From Lizz Ann Sonders: The Dow’s flirtation with 20k went on for weeks, with the financial networks breathlessly reporting on every tick as it approached the milestone—subjecting them to much lighthearted ridicule on Twitter and the like.

Then came last Wednesday when it finally broke through—somewhat quietly, given that it happened right at the market’s open. I’ve never been one to put much emphasis on round number milestones for any of the indexes, and have been pleased that it hasn’t appeared that our investors have been making decisions based on that level being surpassed.

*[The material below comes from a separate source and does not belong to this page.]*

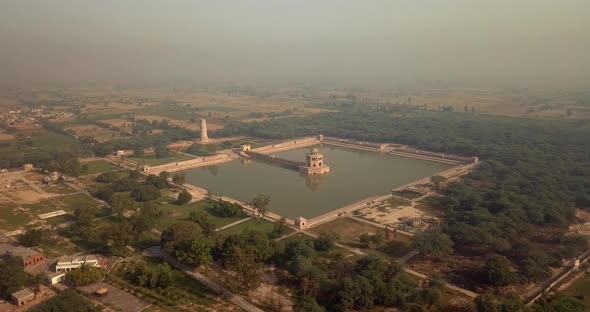 Hiran Minar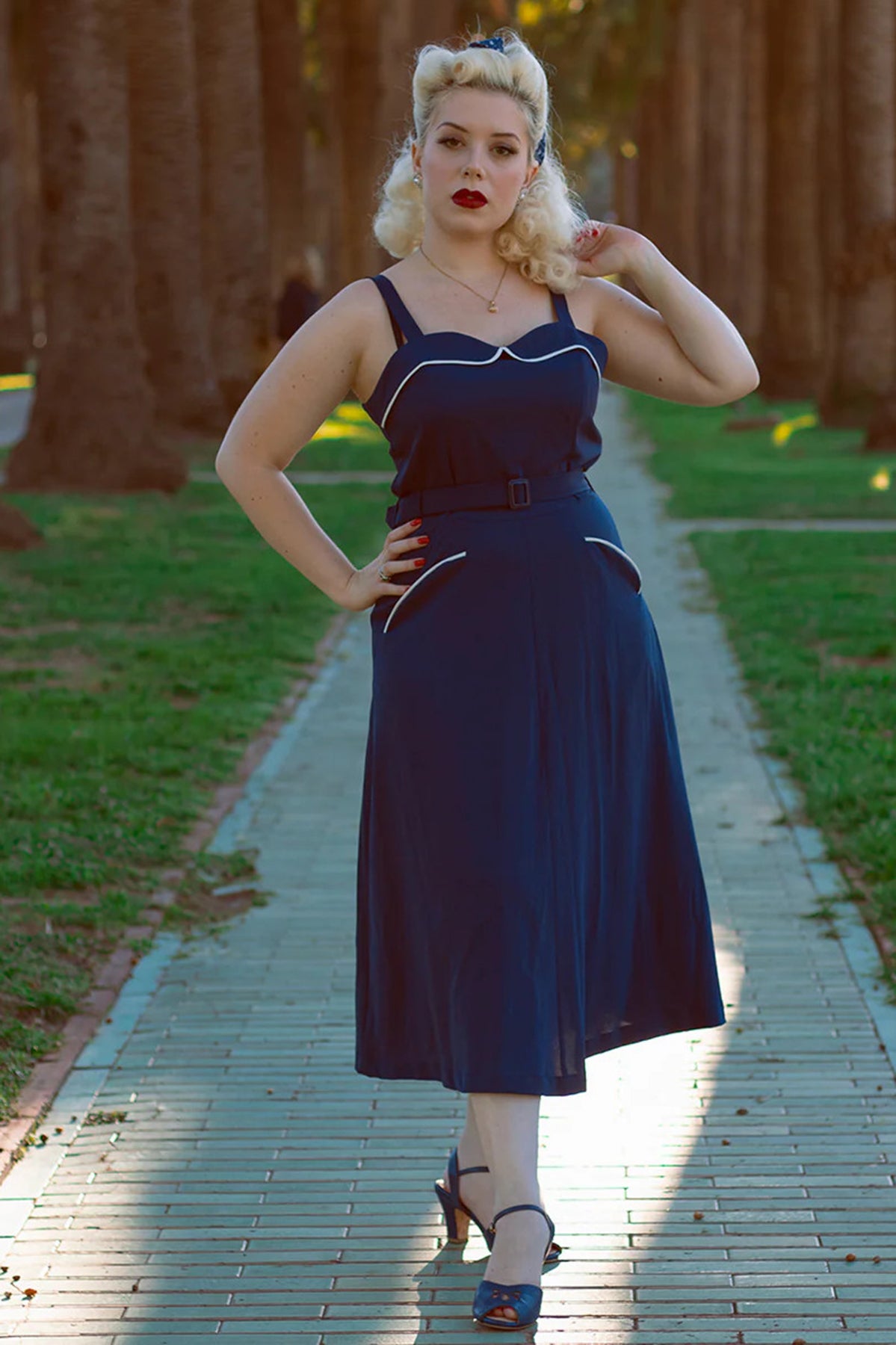 RocknRomance_LUCILLE_SWEETHEART_2-Teiler_Kleid_mit_Bolero_Traeger_Dress_Blau_killer_kirsche_3slihSTftSxL1A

But perhaps we’re being too hasty writing it off as a non-event. We’ve spilled much ink on the lack of retail investor enthusiasm which has accompanied this entire near-eight year bull market. Perhaps the attention around Dow 20k might wake some investors up from their slumber atop low-yielding cash.

Dow 10k redux?

According to Ned Davis Research (NDR), this was one of the longest stretches for the Dow to break a round number (and remember, as the numbers get higher, the percentage spread between them is lower and therefore easier to exceed). The Dow took 29 days to climb the last 1% to 20k—the ninth longest period for round numbers and the longest since Dow 4k in February 1995. Once the Dow broke through round numbers historically, it tended to outperform its long-term averages for up to a year later.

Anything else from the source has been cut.